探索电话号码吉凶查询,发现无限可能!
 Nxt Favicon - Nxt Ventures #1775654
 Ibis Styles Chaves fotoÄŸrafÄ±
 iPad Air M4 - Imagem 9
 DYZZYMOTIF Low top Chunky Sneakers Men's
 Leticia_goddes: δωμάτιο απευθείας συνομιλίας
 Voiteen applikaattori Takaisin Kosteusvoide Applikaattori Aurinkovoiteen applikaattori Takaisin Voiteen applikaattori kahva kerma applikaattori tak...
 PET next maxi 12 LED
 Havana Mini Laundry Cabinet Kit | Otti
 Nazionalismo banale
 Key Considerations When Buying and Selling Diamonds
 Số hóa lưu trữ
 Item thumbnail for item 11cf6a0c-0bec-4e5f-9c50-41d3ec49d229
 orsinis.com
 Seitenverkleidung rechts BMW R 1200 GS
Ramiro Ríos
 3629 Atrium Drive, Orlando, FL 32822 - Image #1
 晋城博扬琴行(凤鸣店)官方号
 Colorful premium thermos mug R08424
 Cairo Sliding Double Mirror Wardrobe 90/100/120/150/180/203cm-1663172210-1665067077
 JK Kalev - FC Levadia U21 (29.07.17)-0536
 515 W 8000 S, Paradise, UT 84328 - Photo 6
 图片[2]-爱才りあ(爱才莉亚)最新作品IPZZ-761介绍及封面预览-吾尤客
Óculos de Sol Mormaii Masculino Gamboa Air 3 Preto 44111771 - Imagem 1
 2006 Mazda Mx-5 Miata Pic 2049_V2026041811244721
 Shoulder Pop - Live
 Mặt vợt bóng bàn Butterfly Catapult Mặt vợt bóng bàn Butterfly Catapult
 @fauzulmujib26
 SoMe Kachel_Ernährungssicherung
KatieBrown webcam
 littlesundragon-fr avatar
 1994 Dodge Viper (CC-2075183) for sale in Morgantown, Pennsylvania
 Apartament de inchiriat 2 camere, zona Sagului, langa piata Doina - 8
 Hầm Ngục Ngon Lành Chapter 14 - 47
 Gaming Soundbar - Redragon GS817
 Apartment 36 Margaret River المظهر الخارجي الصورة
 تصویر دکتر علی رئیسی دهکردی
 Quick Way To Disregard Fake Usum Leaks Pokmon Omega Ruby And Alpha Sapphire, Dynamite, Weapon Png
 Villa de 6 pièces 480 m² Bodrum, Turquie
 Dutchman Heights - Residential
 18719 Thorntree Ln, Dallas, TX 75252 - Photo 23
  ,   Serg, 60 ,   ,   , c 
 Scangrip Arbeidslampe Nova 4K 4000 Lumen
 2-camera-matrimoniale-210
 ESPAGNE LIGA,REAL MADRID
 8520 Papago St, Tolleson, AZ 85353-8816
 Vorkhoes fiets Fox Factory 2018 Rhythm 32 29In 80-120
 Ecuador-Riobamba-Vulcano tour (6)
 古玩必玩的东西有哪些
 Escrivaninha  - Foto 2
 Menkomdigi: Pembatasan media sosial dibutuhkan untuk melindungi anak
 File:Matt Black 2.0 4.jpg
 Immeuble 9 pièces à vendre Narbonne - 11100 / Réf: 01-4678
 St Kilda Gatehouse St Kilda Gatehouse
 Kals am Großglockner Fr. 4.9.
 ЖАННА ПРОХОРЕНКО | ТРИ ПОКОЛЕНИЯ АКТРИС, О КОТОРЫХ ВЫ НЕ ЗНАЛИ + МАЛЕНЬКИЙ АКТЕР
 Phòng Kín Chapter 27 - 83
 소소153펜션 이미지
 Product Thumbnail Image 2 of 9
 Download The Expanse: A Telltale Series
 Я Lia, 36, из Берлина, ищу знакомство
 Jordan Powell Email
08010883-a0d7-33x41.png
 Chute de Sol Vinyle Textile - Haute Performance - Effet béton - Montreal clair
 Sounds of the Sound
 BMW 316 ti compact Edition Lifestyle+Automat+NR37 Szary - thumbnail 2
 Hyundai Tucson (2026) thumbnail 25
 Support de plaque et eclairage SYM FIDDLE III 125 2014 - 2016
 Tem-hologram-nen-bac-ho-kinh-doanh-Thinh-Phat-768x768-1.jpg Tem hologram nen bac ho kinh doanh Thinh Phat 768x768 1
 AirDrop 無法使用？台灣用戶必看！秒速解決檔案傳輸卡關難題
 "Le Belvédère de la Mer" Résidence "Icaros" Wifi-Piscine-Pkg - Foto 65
* * * *
> _ASSIGNMENT_
Would you output all the records above exactly as written?

> _THE COMPLETED TASK_
探索电话号码吉凶查询,发现无限可能!
 Nxt Favicon - Nxt Ventures #1775654
 Ibis Styles Chaves fotoÄŸrafÄ±
 iPad Air M4 - Imagem 9
 DYZZYMOTIF Low top Chunky Sneakers Men's
 Leticia_goddes: δωμάτιο απευθείας συνομιλίας
 Voiteen applikaattori Takaisin Kosteusvoide Applikaattori Aurinkovoiteen applikaattori Takaisin Voiteen applikaattori kahva kerma applikaattori tak...
 PET next maxi 12 LED
 Havana Mini Laundry Cabinet Kit | Otti
 Nazionalismo banale
 Key Considerations When Buying and Selling Diamonds
 Số hóa lưu trữ
 Item thumbnail for item 11cf6a0c-0bec-4e5f-9c50-41d3ec49d229
 orsinis.com
 Seitenverkleidung rechts BMW R 1200 GS
Ramiro Ríos
 3629 Atrium Drive, Orlando, FL 32822 - Image #1
 晋城博扬琴行(凤鸣店)官方号
 Colorful premium thermos mug R08424
 Cairo Sliding Double Mirror Wardrobe 90/100/120/150/180/203cm-1663172210-1665067077
 JK Kalev - FC Levadia U21 (29.07.17)-0536
 515 W 8000 S, Paradise, UT 84328 - Photo 6
 图片[2]-爱才りあ(爱才莉亚)最新作品IPZZ-761介绍及封面预览-吾尤客
Óculos de Sol Mormaii Masculino Gamboa Air 3 Preto 44111771 - Imagem 1
 2006 Mazda Mx-5 Miata Pic 2049_V2026041811244721
 Shoulder Pop - Live
 Mặt vợt bóng bàn Butterfly Catapult Mặt vợt bóng bàn Butterfly Catapult
 @fauzulmujib26
 SoMe Kachel_Ernährungssicherung
KatieBrown webcam
 littlesundragon-fr avatar
 1994 Dodge Viper (CC-2075183) for sale in Morgantown, Pennsylvania
 Apartament de inchiriat 2 camere, zona Sagului, langa piata Doina - 8
 Hầm Ngục Ngon Lành Chapter 14 - 47
 Gaming Soundbar - Redragon GS817
 Apartment 36 Margaret River المظهر الخارجي الصورة
 تصویر دکتر علی رئیسی دهکردی
 Quick Way To Disregard Fake Usum Leaks Pokmon Omega Ruby And Alpha Sapphire, Dynamite, Weapon Png
 Villa de 6 pièces 480 m² Bodrum, Turquie
 Dutchman Heights - Residential
 18719 Thorntree Ln, Dallas, TX 75252 - Photo 23
  ,   Serg, 60 ,   ,   , c 
 Scangrip Arbeidslampe Nova 4K 4000 Lumen
 2-camera-matrimoniale-210
 ESPAGNE LIGA,REAL MADRID
 8520 Papago St, Tolleson, AZ 85353-8816
 Vorkhoes fiets Fox Factory 2018 Rhythm 32 29In 80-120
 Ecuador-Riobamba-Vulcano tour (6)
 古玩必玩的东西有哪些
 Escrivaninha  - Foto 2
 Menkomdigi: Pembatasan media sosial dibutuhkan untuk melindungi anak
 File:Matt Black 2.0 4.jpg
 Immeuble 9 pièces à vendre Narbonne - 11100 / Réf: 01-4678
 St Kilda Gatehouse St Kilda Gatehouse
 Kals am Großglockner Fr. 4.9.
 ЖАННА ПРОХОРЕНКО | ТРИ ПОКОЛЕНИЯ АКТРИС, О КОТОРЫХ ВЫ НЕ ЗНАЛИ + МАЛЕНЬКИЙ АКТЕР
 Phòng Kín Chapter 27 - 83
 소소153펜션 이미지
 Product Thumbnail Image 2 of 9
 Download The Expanse: A Telltale Series
 Я Lia, 36, из Берлина, ищу знакомство
 Jordan Powell Email
08010883-a0d7-33x41.png
 Chute de Sol Vinyle Textile - Haute Performance - Effet béton - Montreal clair
 Sounds of the Sound
 BMW 316 ti compact Edition Lifestyle+Automat+NR37 Szary - thumbnail 2
 Hyundai Tucson (2026) thumbnail 25
 Support de plaque et eclairage SYM FIDDLE III 125 2014 - 2016
 Tem-hologram-nen-bac-ho-kinh-doanh-Thinh-Phat-768x768-1.jpg Tem hologram nen bac ho kinh doanh Thinh Phat 768x768 1
 AirDrop 無法使用？台灣用戶必看！秒速解決檔案傳輸卡關難題
 "Le Belvédère de la Mer" Résidence "Icaros" Wifi-Piscine-Pkg - Foto 65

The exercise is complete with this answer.